To complement its outreach and research, the Journal also searched each organization’s website for “bug bounty” and “vulnerability disclosure,” confirming the results above.
If you’re thinking 22 is too small of a sample size to draw conclusions, legal tech heavyweights are also auspiciously missing from the almost 900 bug bounty and disclosure programs compiled by Bugcrowd.
‘Stuck in 1994’
It’s worth noting that 80 percent of bug bounty programs are private or invite-only, Baker at Bugcrowd estimates, which he attributes to outdated thinking.
“The people that don’t have these programs are stuck in 1994,” he says, referring to the nascent, more innocent days of Web 1.0. A part of his company’s mission is to provide that bridge from the early days of the internet to today, which requires more eyes on software to keep it secure.
To stave off some angry emails: Not having a public bug bounty program or vulnerability disclosure policy does not mean that a company lacks all security measures, like internal audits or outside testing. However, it does mean that there is room for improvement.
Requiring nuance, a bug bounty program or services provided by Bugcrowd may not be for everyone. For example, if a product is too new and riddled with bugs, such a program could be bankrupting. It would also be hard to manage a bounty if the company doesn’t have a security team to oversee it.
However, a vulnerability disclosure policy is table stakes for any organization developing software.
These policies are required because the 35-year-old Computer Fraud and Abuse Act, the federal anti-hacking law, is so broad and vague.
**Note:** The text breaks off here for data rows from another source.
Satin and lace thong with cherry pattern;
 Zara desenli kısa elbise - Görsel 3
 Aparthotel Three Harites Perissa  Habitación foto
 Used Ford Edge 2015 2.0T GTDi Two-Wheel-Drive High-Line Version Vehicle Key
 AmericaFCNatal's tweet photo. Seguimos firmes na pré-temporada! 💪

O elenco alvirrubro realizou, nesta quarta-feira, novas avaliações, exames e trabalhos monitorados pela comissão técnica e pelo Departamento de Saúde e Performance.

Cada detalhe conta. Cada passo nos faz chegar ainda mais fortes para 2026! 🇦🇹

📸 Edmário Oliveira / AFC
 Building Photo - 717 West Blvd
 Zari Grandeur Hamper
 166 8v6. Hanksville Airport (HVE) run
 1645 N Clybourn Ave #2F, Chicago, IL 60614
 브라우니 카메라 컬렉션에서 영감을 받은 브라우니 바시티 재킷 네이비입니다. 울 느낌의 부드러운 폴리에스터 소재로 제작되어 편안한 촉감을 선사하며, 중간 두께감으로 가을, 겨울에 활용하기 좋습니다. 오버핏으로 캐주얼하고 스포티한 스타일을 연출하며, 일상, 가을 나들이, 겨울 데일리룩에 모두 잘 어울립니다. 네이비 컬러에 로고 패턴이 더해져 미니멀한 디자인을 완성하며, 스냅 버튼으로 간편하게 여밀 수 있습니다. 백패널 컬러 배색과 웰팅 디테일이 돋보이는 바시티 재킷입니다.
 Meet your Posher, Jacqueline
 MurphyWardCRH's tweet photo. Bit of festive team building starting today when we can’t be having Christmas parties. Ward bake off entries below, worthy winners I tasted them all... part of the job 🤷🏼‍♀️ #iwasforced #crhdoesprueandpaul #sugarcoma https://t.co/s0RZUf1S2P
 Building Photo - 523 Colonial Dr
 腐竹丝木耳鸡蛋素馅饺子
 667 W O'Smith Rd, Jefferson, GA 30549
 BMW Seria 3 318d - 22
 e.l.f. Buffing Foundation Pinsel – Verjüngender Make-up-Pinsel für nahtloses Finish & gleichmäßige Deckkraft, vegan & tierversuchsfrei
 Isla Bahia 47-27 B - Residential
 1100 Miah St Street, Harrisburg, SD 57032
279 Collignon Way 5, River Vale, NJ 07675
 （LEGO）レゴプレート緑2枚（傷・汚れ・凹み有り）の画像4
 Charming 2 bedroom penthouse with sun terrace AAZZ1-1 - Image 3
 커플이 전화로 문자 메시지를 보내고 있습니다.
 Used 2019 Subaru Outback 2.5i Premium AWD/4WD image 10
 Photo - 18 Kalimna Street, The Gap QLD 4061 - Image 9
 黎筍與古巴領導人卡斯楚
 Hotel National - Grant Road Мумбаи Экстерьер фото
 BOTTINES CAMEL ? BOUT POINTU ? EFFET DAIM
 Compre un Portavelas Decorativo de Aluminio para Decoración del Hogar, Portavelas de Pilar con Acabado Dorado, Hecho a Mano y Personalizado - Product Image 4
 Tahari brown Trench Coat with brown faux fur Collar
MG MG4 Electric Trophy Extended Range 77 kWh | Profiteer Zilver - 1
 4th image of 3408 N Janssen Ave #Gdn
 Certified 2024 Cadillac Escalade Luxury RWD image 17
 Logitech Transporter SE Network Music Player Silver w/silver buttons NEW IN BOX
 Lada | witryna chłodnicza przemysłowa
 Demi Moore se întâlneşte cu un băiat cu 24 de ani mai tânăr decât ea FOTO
Through eight iterations expanding its scope, the law concerns itself with almost every digital device in the U.S.—except for calculators—and millions more abroad, making almost any online activity, including finding and reporting a bug, liable for civil or even criminal penalties.
Matthew Stubenberg, associate director of legal technology at Harvard Law’s A2J Lab and a 2017 ABA Journal Legal Rebel, says that until federal anti-hacking law carves out space for the white hat hackers, disclosure policies make him feel confident when bringing a vulnerability to a company’s attention.
For those that just realized their company or a vendor they use doesn’t have a disclosure policy, there are templates. HackerOne, the Department of Defense and 18F, a software developer within the U.S. General Services Administration, all have versions to iterate on.
The latter is what Lissner at Free Law Project used after he lamented the absence of a public bug bounty program at the U.S. Courts, and I asked him what his program looked like. Running a scrappy nonprofit with limited funds, he said he couldn’t afford to run a traditional bounty program. However, he did it anyway.
Today, Free Law Project announced its first ever bug bounty program and vulnerability disclosure policy. While the nonprofit still isn’t flush with cash, ethical hackers that find a new vulnerability can collect on Free Law swag, complimentary services from the organization and tickets to their events. It only took a couple of weeks—and a nudge from a pesky journalist—to make it happen.
“At its lowest cost, you don’t have any vulnerabilities,” he says. “It costs you nothing except the effort to post it on your website.”